1.) Pre-define your entities and super set of  attributes ( coming from all data sources)

2.) Attributes may have multiple related values that should to mapped to same attributes. Plan your storage like this  ( Graph databases work fine for this relationship storage)

3.) Merge data from multiple sources using merge business logic to create a virtual entity with sizable attributes ( we used Apache spark for this )

Mapping attributes


  • Zip, County, State, Lat/long
  • Nearby locations (+/- area)  – high propensity area
  • IP location


  • Date/time stamp
  • Nearby time stamp (+/-) – Event happening before or after a period


  • String match (Fuzzy) – Name, Address, Cause
  • Cardinal Match  – events sharing same or similar key
  • IP Correlation (Primary IP, Secondary IP, IP from same ZIP code)
  • Other business logic related merging rules

You can make you merge model Machine Learning based so it will be leaning over time to do a relevant merge.

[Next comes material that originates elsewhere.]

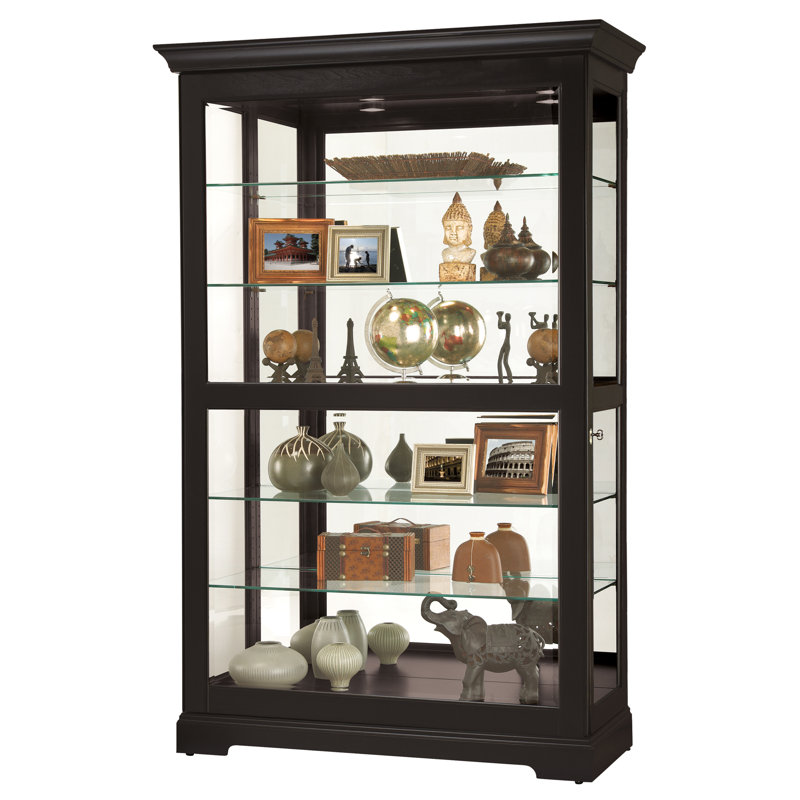 Display Cabinet, Black Satin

4.) Right Sizing Merges Columns

  • Remove transaction columns
  • Remove  database columns
  • Remove technical identifiable columns
  • Remove duplicate Columns

5.) Search this entity in your relational graph database to find ranks of similar entities more than threshold. If the outcome is less than threshold then make a new entry in your entity table with the attributes of the searching entity.

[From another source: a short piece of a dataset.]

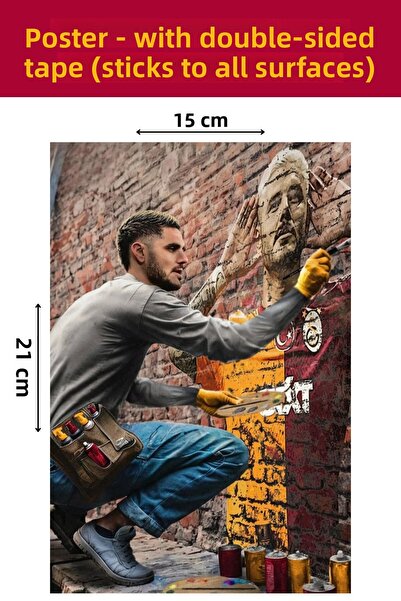 Organik Yolda الأسد الذي يرسم، مع شريط مزدوج الجوانب، يلتصق على أي سطح، (15 ×...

 6.) Take the highest ranked entity and mapped the missing attributes from highest ranked entities. This entity is you final entity for business

How to enhance entities with changing attributes:

Like any practical entity, values of attributes keep changing. You map the attributes values of searching entity to highest ranked entity and see the different of values. let’s say the IP values of an entity is matching to its secondary value over time. Then the secondary IP value becomes primary and primary becomes secondary. Or it is new IP then add one more relationship node with new values.

Ranking algorithm:

Business can assign different weight-age to must have, critical, important and good to have attributes and their matching threshold. This model also matches with secondary or related values so make it more accurate. Let’s say, address is a must match attributes. A customer other attributes are matching but address not matching so other models will reject it but in this model if matches with his or her office address or other address, it will boost the record that is right.

Entity Resolution and Event Correlation – Datalake DQ

DQ ( Data Quality) historically started with missing values and then moved into address correction and data enrichment ( Geo Encoding, Standardization etc.) Data Quality tools have been successfully solved the traditional data quality problems; like the ones discussed above.

So far, DQ was single source and single domain. With the advent of data lake, DQ has to adopt to new strategy. Event Correlation and Entity Resolution are going to be crucial for data lake validation. DQ tools have to provide these 2 must features for data lake.

Entity Resolution : Data lake will hold data from multiple sources and domains. It would be critical to create right entities from the data set. Following will be prime components of Entity Resolution (ER)

a.) Fuzzy Join : we have so many joins ( inner, outer, left outer, semi , equi etc ) supported today but they match exact values. Dimension from multiple sources may not have exact match  ( like name or address). Fuzzy join will match values which are similar but may not match exactly – like John Smith and John Smithe

b.) Algorithm for picking dimension values : Datalake will contain data from multiple CRMs, domains. While matching dimensional values, there will conflict which one to pick – let say SalesForce has different address, Sales mart has different address, the data you bought have different address. The entity should have one master address. ER algorithm will pick the right value based on timeliness, validity of source, most common occurrence etc.

c.) Entity Classification: Once the Entity Unique id and master dimensions are identifies, next step involves classifying the entity using business rules. These entity may be outdated, inactive or have little relevance. Once entity is classified and tagged, it can be used for further analysis or can be put in historical datalake. An entity with missing critical dimensional value will be dumped in dirty datalake for further investigation.

Event Correlation:  Theoretically, event is also an entity but I am putting it different header because it is temporal in nature and the algorithms used for correlation events would be different.

a.) Range Bound Correlation : Hardly two correlated event will occur at same time. One event will fire another event which may lag in time or place or in both. Along with event identifier fields, range bound dimension will be used to correlate events. Business rules will decide the  width of boundary.

b.) Event aggregation : An event can fire many sub events and super events. All these events has to suppressed into one related event. Event Correlation (EC) algorithms will map all these events into related event and cause and bring into human readable format.

c.) Noise reduction:  Aggregated event may be a false event or noise. Business rules will decide will event should be carried forward ( assuming they have strong correlation with business )and which should be dropped. Events will also go through business classification to rank their importance.

Conclusion:  Datalake will bring new challenges to Data Quality which will go through transformation to solve new problems. DQ will move from :

i)Single Source   –> DataLake

ii)Structure Analysis –> Mapping Entity

iii) Operational —> Analysis